Adempimenti

Nelle Casse sanitarie tassabili i contributi «extra»

di Renzo Parisotto e Giovanni Renella

Senza un intervento del legislatore, le casse sanitarie potranno continuare a beneficiare del regime di “decommercializzazione” solo se non percepiranno “corrispettivi specifici”. Infatti, il decreto legislativo 105/2018 (provvedimento correttivo del Codice del terzo settore) non ha recepito la proposta di modifica all’articolo 89, comma 4 del Codice del terzo settore (Dlgs 117/2017), approvata dal Consiglio dei ministri lo scorso 21 marzo.

Nella circolare 36/2018 Assoprevidenza ha evidenziato che la correzione non è stata fatta in quanto valutata fuori dalla delega prevista dalla legge 106/2016, che ha conferito al Governo solo il potere di introdurre modifiche strettamente tecniche alle disposizioni del Codice del terzo settore (parere del Consiglio di Stato 00731/2018).
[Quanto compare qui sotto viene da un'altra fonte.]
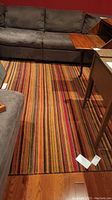 Overview of full rug in room setting with couch and tables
La modifica avrebbe ripristinato, nell’ambito dell’articolo 148, comma 3 del Testo unico delle imposte sui redditi, la presunzione di “non commercialità” delle attività svolte delle associazioni assistenziali anche a fronte di corrispettivi specifici.

Come ricordato da Assoprevidenza nella circolare 10/2018 – commentando un interpello, non pubblicato, dell’inizio del 2018 circa il regime fiscale applicabile a una cassa sanitaria – per l’agenzia delle Entrate la perdita del regime di “decommercializzazione” dovuta alla presenza di corrispettivi specifici determina l’assoggettamento a tassazione (reddito d’impresa o redditi diversi a seconda che le relative operazioni abbiano carattere di abitualità o di occasionalità) dei contributi e delle quote versate.

In base ai commi 1 e 2 dell’articolo 148 del Tuir si desume che per corrispettivi specifici si debbano intendere quelle somme che, nell’ambito di un ente di tipo associativo, sono richiesti agli associati o partecipanti a fronte di prestazioni maggiori o diverse rese in loro favore («in funzione delle maggiori o diverse prestazioni alle quali danno diritto»).

Ne discende quindi che, in linea generale, gli enti di tipo associativo diversi da quelli individuati dal comma 3 dell’articolo 148, nei limiti dei propri statuti/regolamenti:

possono erogare prestazioni rientranti nelle loro finalità istituzionali agli associati o partecipanti e loro beneficiari a fronte del pagamento di quote o contributi associativi che danno diritto a ricevere le prestazioni, cioè prestazioni previste a favore di tutti gli associati o partecipanti (“prestazioni standard”). Si ritiene tuttavia che l’espressione «tutti gli associati» non impedisca eventuali differenziazioni di quote o contributi associativi per categorie di associati o partecipanti – senza quindi che ciò costituisca corrispettivo specifico –, nel caso in cui ciò dia luogo all’erogazione di prestazioni comunque standardizzate sia pure per categorie e non determini l’erogazione di prestazioni maggiori o diverse a fronte di prezzi specificamente e singolarmente fissati;

non possono erogare prestazioni supplementari (maggiori o diverse), ancorché rientranti nelle finalità istituzionali e a favore dei propri associati o partecipanti, là dove per l’erogazione di tali prestazioni sia previsto il pagamento di un prezzo (un corrispettivo specifico).

Le regole contenute nel Codice del terzo settore non sono ancora vigenti, in quanto è prevista la loro entrata in vigore a partire dal periodo d’imposta successivo all’approvazione da parte dell’Ue delle disposizioni fiscali contenute nel Codice e all’istituzione del Registro unico nazionale del terzo settore, per la quale si attende l’emanazione dell’apposito regolamento.

Quindi c’è ancora spazio per scongiurare l’effetto negativo della riforma per enti/casse, per lo più costituiti direttamente o indirettamente da sindacati e/o da datori di lavoro, che rendono prestazioni a favore di una platea di oltre 11 milioni di assistiti, sostituendo e affiancando il servizio sanitario nazionale.